Beto O’Rourke didn’t mince words during the September 12 Democratic debate when he called President Donald Trump a white supremacist. The former Texas congressman was embroiled in an intense debate about the scourge of mass shootings over the summer, including one in his hometown of El Paso, Texas, on August 3. O’Rourke noted that the man who opened fire with an assault weapon at a Walmart, killing 22 people and injuring 24 more, possessed a manifesto that echoed many of the inflammatory remarks made by the president about minorities. Many of the victims were Latino.

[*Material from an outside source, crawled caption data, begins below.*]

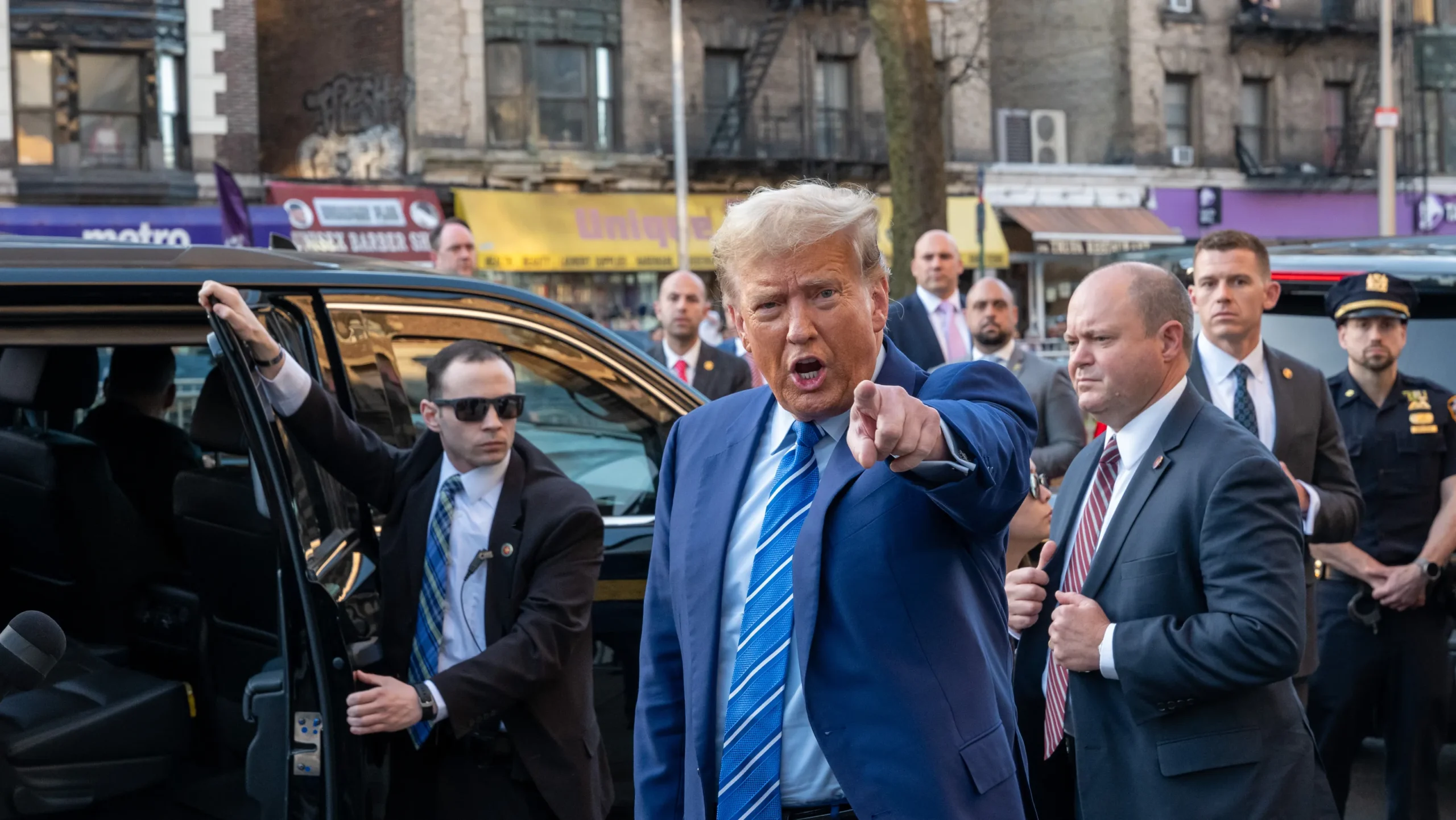 Trump’s DC Crackdown: FBI Night Patrols & Eviction Warning for the Homeless 1 FBI Night Patrols Begin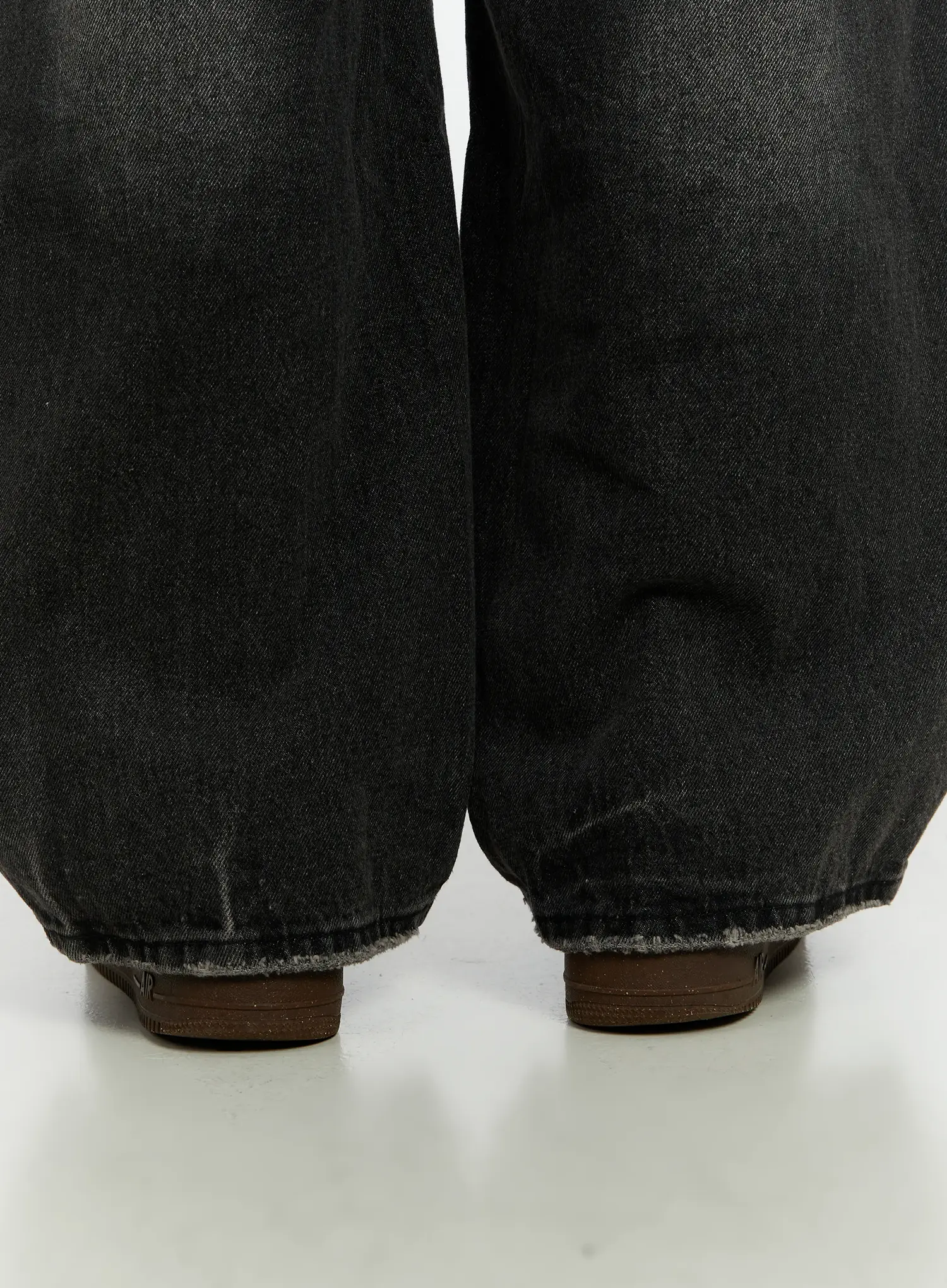 Men's Washed Black Wide Leg Jeans IF511 - Image 9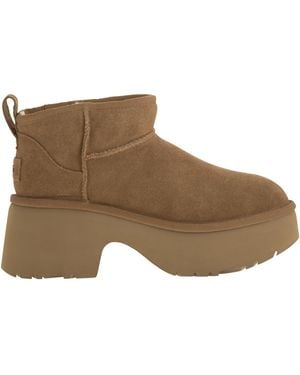 UGG Classic Ultra Mini New Heights - Brown
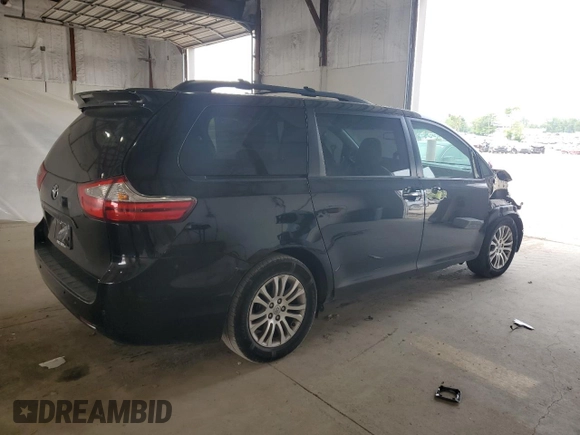 2017 Toyota Sienna XLE Auto Access Seat z VIN 5TDYZ3DC6HS799757, wystawiony jako Copart lot #60810605 z przebiegiem 195 449 mil mil oraz Szkoda całkowita • Salvage title. Historia ofert i sprzedaży dostępna na DreamBid. Obrazek 3.
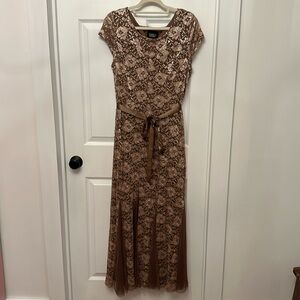Lovely Grace lace dress. Large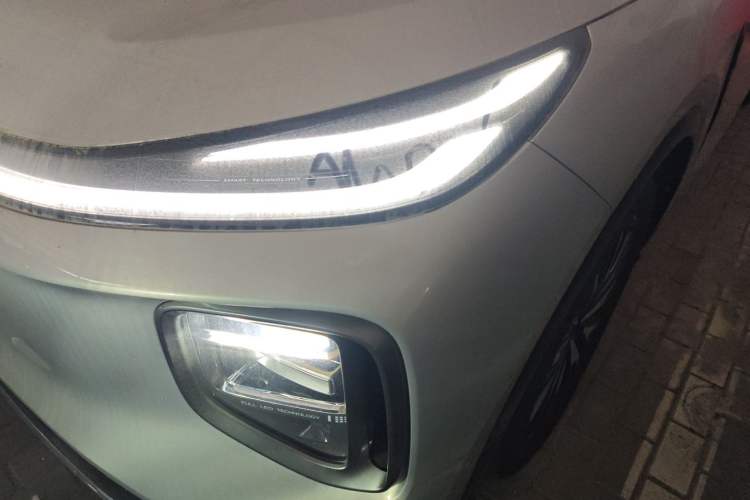 Used  Q07 2025 215 Prestige Edition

“Racism in America is endemic and it is foundational,” O’Rourke said. “We can mark the creation of this country not at the 4th of July, 1776, but August 20, 1619, when the first kidnapped African was brought to this country against his will. And in bondage, as a slave, built the greatness and success and wealth that neither he, nor his descendants would ever be able to fully participate in and enjoy. We have a challenge to address this in our education system… our healthcare… or the fact that there is 10 times the wealth in white America than in Black America. But we must also call out the fact we have a white supremacist in our White House and he poses a mortal threat to people across this country.”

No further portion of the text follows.